Gao Fu, the CDC head, told a forum on Saturday that the agency was “considering how to solve the problem that the efficacy of existing vaccines is not high”, according to local media.
...
Some of the WeChat social-media posts on Gao’s remarks were swiftly censored, according to Yanzhong Huang, a senior fellow for global health at the Council on Foreign Relations.
“It is the first time . . . a government official publicly admitted that the protection rate is a concern in the vaccination drive,” Huang added.
China had administered 65m doses across the country by the middle of March.
Unlike other vaccine producers, China’s manufacturers have not published their phase 3 trial data, leading to accusations of a lack of transparency over the vaccine’s effectiveness on different groups.
Any new strategy will have ramifications for the more than 20 countries that China said it was supplying in mostly bilateral “vaccine diplomacy” deals.

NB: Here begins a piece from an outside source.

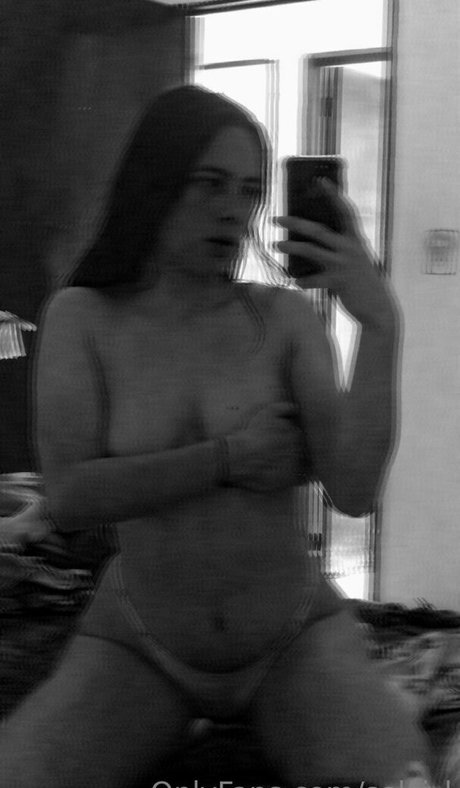 Foto di nudo di fuga di OnlyFans di Solcil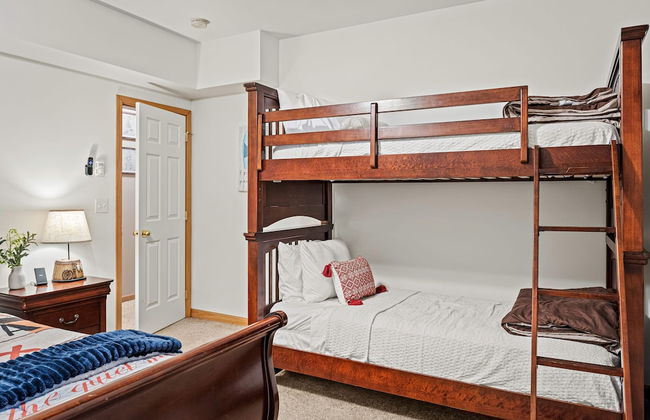 Mews Mountain House by Avantstay Walk to Beach Hot Tub Game Room - Foto 46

As of March, China had supplied 40m doses abroad.
Chile is facing another Covid wave from new variants, despite a successful rollout of China’s Sinovac vaccine. [B]The efficacy of a single dose was only 3 per cent, compared with 56 per cent with two shots. [/B]Experts have not linked the latest wave to the vaccine’s efficacy rate.
[/QUOTE]
If reported numbers from China are correct, it's not so much of a problem there that the vaccine has low efficacy, as their tough lockdowns drove back the virus quite well. But it's tragic for countries like Brazil, Chile, and Senegal who relied on China's vaccine gifts. The rest of the world needs to step up - maybe a single jab of mRNA is enough for people who got the low yield Chinese vaccine?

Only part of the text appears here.